Ohne seine Rückkehr abzuwarten, machte sich Hanna auf den Heimweg. Allein. Ihr Zuhause erreichte sie nicht mehr. Am Nachmittag desselben Tages wurde ihr lebloser Körper von einem Spaziergänger in der Prien entdeckt. Bärbach und Prien führten nach einem Starkregen deutlich mehr Wasser als normal. Hannas lebloser Körper wurde daher über Kilometer mitgerissen, Jacke und Hose gingen dabei verloren. Es seien keinerlei Anzeichen für ein Sexualdelikt festgestellt worden, teilte der Polizeibeamte noch mit.

Viele Einzelheiten
sind noch unklar

Minutiös schildert die Anklageschrift einige der Einzelheiten. Etwa die „circa 885 Meter“ zwischen dem Club „Eiskeller“ und Hannas Zuhause. Oder Uhrzeiten: einige Minuten habe sie sich im Eingangsbereich des „Eiskeller“ aufgehalten, um 2:27 Uhr allein auf den Weg gemacht, sie sei gegen 2.28 Uhr nach rechts auf die Kampenwandstraße abgebogen. Um 14.26 Uhr am selben Tag sei ihre Leiche in der Prien entdeckt worden.

Richterin spricht
von einem Puzzle

Während diese Fakten offenbar eindeutig und präzis zu belegen sind, scheint vieles andere offen. Viele entscheidende Fragen werden erst im Verlauf des Prozesses beantwortet werden können, der auf 28 Tage veranschlagt ist.

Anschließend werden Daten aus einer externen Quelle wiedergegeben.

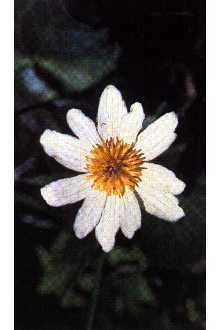 Image of white marsh marigold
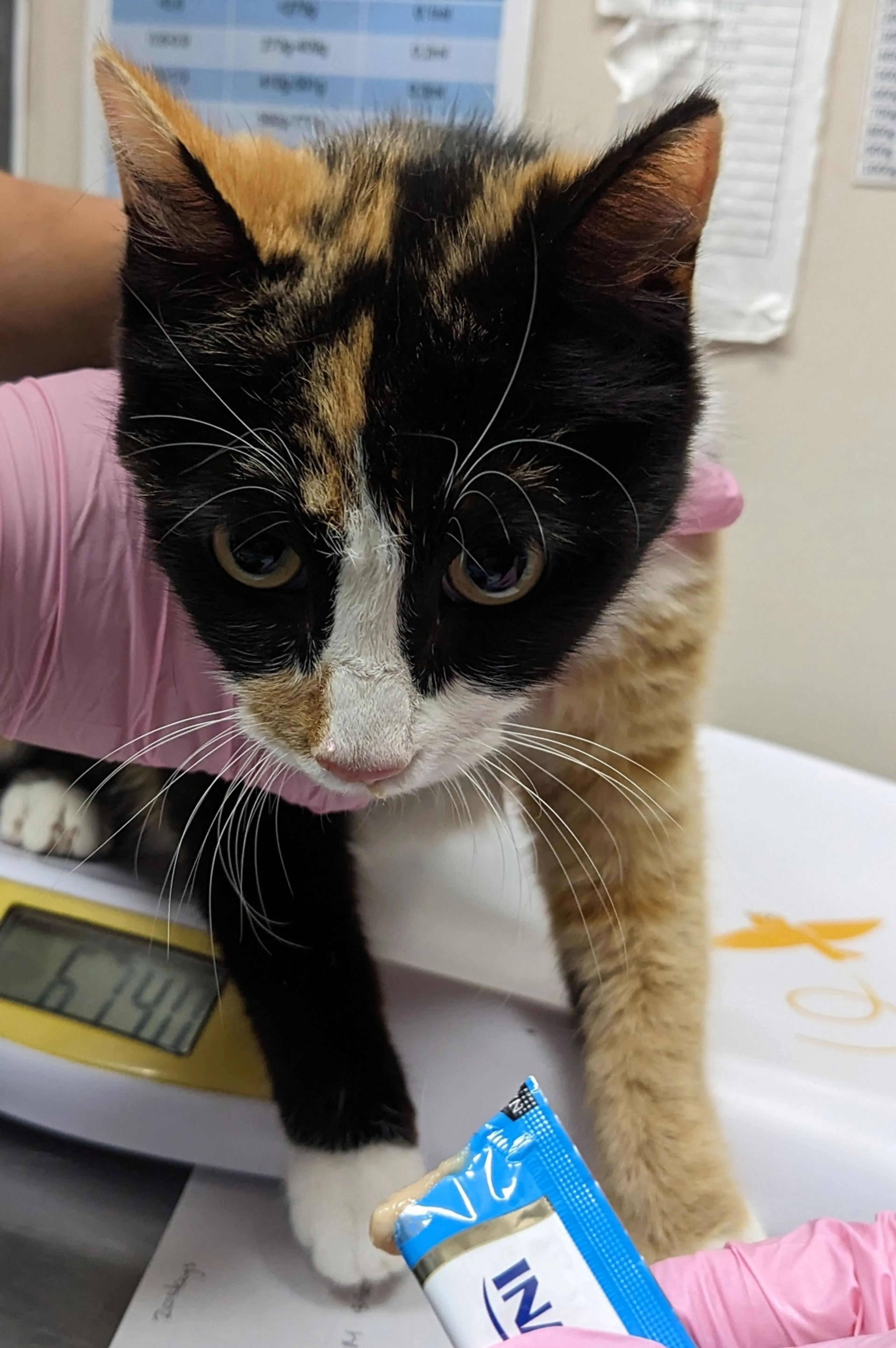 Found pet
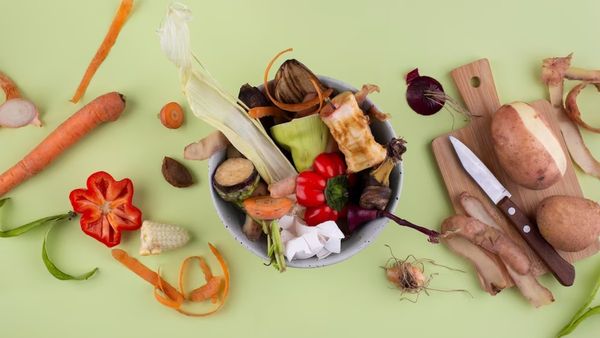 World Environment Day: ઝીરો-વેસ્ટ કિચન શું છે, ખોરાકનો બગાડ અટકાવવાની સ્માર્ટ રીતો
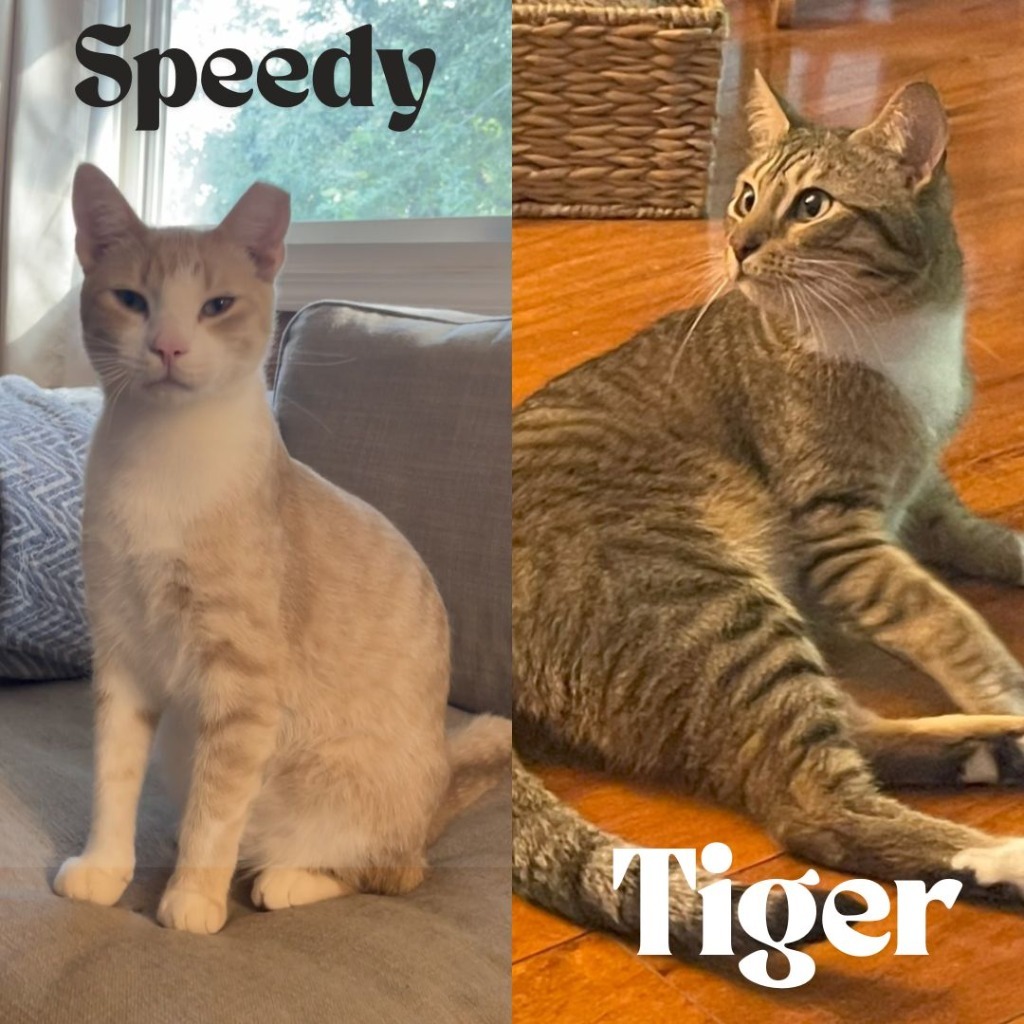 Speedy / Tiger
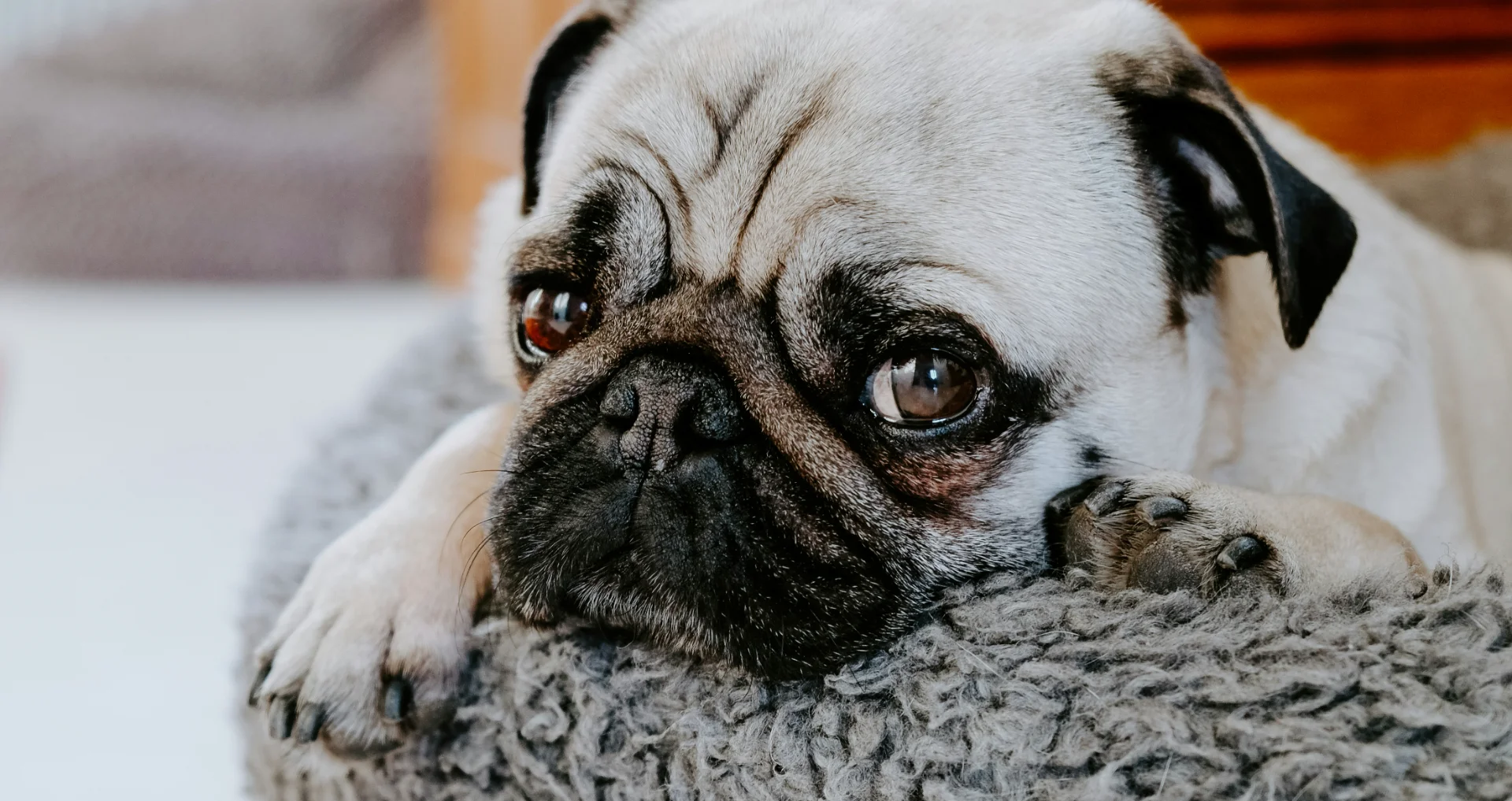 Bruine hond rustend op grijs orthopedisch hondenbed in huis.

Die Vorsitzende Richterin Jacqueline Aßbichler, die sich Mühe gab, dem Angeklagten die Besonderheit des bevorstehenden Prozesses zu erklären, sprach von einem aufwendigen „Indizienprozess“, einem Verfahren wie ein „Puzzle“.

Das zusammenzusetzen, dabei soll auch eine Reihe von Gutachtern helfen. Bereits in den nächsten Verhandlungstagen dürfte offenbar werden, warum die Polizei ihre Aufmerksamkeit schließlich mehr und mehr auf Sebastian T. richtete. Der war zunächst lediglich als Zeuge gesucht worden, nachdem drei andere Zeugen einen Jogger in der Nähe von Eiskeller und des Parkplatzes der Kampenwand gesehen hatten. Sebastian T.s Mutter hatte sich auf den Zeugenaufruf hin bei der Polizei gemeldet und gesagt, dass es sich bei dem Jogger um ihren Sohn handeln könne. Sebastian T. sagte aus, dass er nicht schlafen konnte und deswegen joggen gegangen sei. Erst Wochen später nahm ihn die Polizei als dringend Tatverdächtigen fest.

Laut Ermittler kontaktierte die Polizei im Laufe ihrer Ermittlungen 2201 Menschen, sie führte 1317 Vernehmungen durch, gab 1498 Ermittlungsaufträge aus. Diese Zahlen beleuchten den Aufwand, den die Soko „Club“ leistete. Deren Leiter Hans-Peter Butz war an Tag eins anwesend und folgte den Ausführungen hoch konzentriert. Ein Indiz dafür, wie nahe den Beamten der Polizei die Ermittlungsarbeit ging.

Mutter und Vater
sprechen heute

Am heutigen Freitag, dem zweiten Prozesstag, sollen Hannas Eltern zu Wort kommen. Anders die Eltern des Angeklagten und eine seiner Schwestern; wie der Angeklagte selbst kündigten sie am Donnerstag an, sich nicht zum Fall zu äußern. Für den zweiten Verhandlungstag ist außerdem ein Bericht der Polizei über die Durchsuchungen von Zimmer und Auto von Sebastian T. vorgesehen.